Why must we always leave?
These two questions popped into my head often now. My parents said they liked to see more and more. They were naturally curious people.
Yet, I felt sorry for them. I felt that they were afraid to be rooted somewhere. They feared commitment. Their life did not have a purpose. Why, after eighteen years of travelling, have they not found solace somewhere?

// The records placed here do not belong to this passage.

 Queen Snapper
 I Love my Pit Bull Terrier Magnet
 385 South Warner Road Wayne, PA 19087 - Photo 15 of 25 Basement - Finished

I told them one day that I wanted to stay put somewhere. So happened that we were in a town called Solav. I said I wanted to stay here. Not that I knew the place well, not that I had any friends. I just did not want to live like a nomad anymore.
I told my parents that it would be so much better for my education. I wanted to go to university and if I did, I would have to stay put. It would be better now than later.
After much deliberation, my parents rationalized that it would be good for me to stay while they left me on my own. At first it was scary but exciting. I was finding new meaning in life; in independence at least. I was happy to stay here, in a small town.
I made friends. I attended university and five years later, I graduated with an honours degree in linguistics. I started on a new job, but it seemed the curse of travelling came to me again. Due to economic recession, I was unable to land a desk job. I could only find this interpreting job which required me to travel as and when needed. And it was often needed.
Yet, ironically, travelling again after five years made me realize how much I missed the sense of trepidation of going to a new place. I wondered why I was never at home in one place. I felt a kind of solidarity everywhere and anywhere. Perhaps due to my upbringing, I had learnt to create this vision of inner peace in my heart no matter where I was.
In one of these travels, I landed in the town of Augusta. My day-time job required me to interpret from their native language into English. I was interpreting friendly closed-door discussions with senior government officials there with those who represented my company in an oil deal. By night I was free to explore the city.
I was not very adventurous by nature. My whole life seemed to be dictated by a litany of events and the consequences which I were taking were a result of the events. The cafΓ© which I wanted to go to was closed, so I ended up in the bar next door.
I guess the bar was a small-time bar where everyone knew everyone. People, mostly men were talking to each other while I was alone with a margarita.
The atmosphere was dark and noisy and I did not like it at all. Once in a while was okay, but I still felt it was too much.
I left with hardly a sip of the margarita.
"Waste not, want not, eh?" A smooth voice sounded into my ear like a gong. Whoever he was, he spoke right into my ear, causing me to jump out of my skin.
It was so loud, and I was a softie when it came to noise.
I turned upwards to the voice and at the same time, my cheeks brushed into his rough stubble. Again, causing me to jump.
I looked at this man, mesmerized for a while.